• Requirement: Print the listing below exactly, images excluded.

• Exercise data:

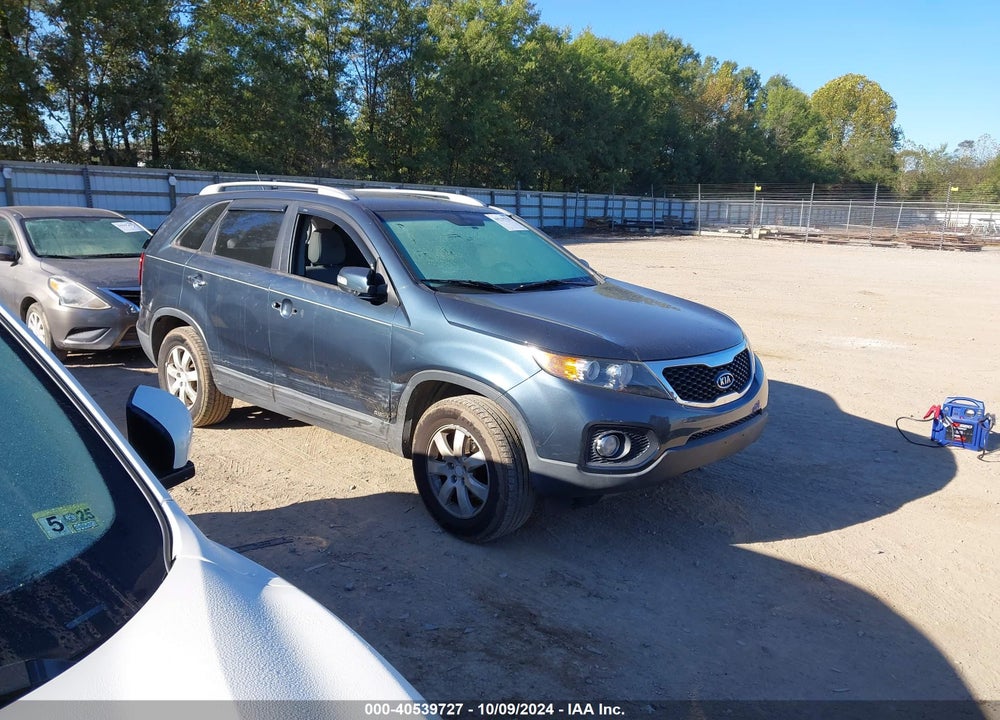 2011 KIA SORENTO LX VIN: 5XYKTCA10BG073472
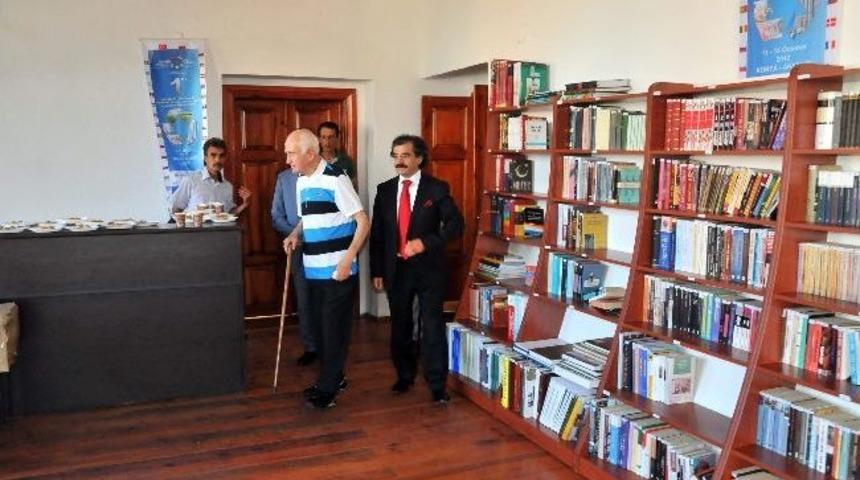 Akşehirli Eski Bakan Kitaplarını Bağışladı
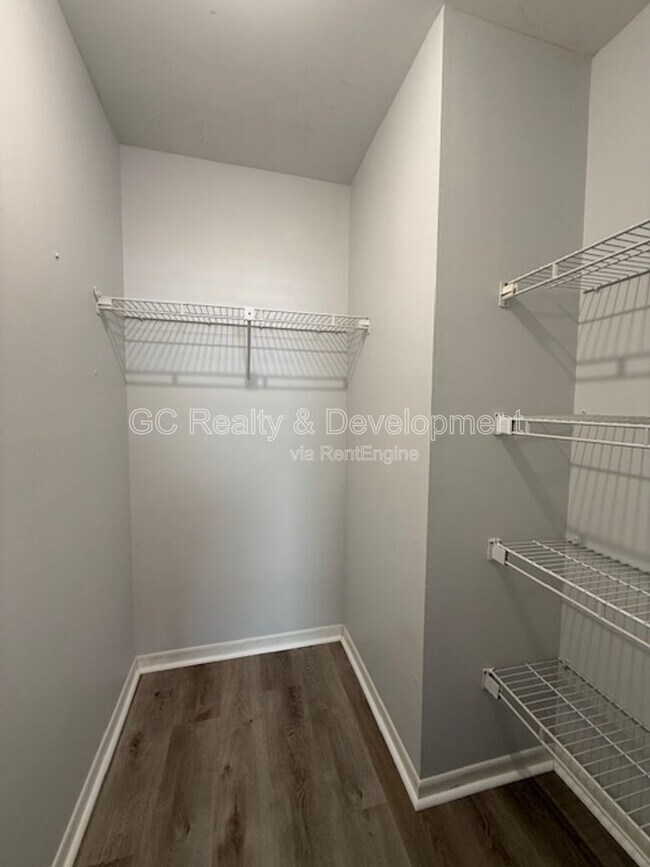 Building Photo - 1348 McDowell Rd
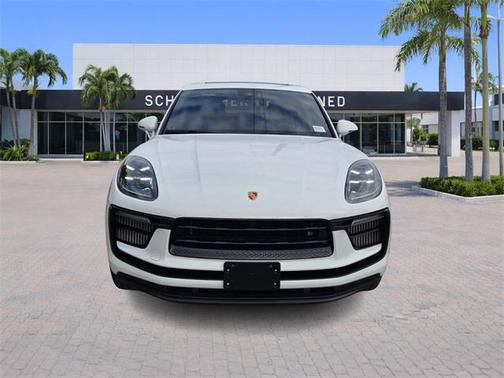 2022 Porsche Macan S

• Task result:
 2011 KIA SORENTO LX VIN: 5XYKTCA10BG073472
 Akşehirli Eski Bakan Kitaplarını Bağışladı
 Building Photo - 1348 McDowell Rd
 2022 Porsche Macan S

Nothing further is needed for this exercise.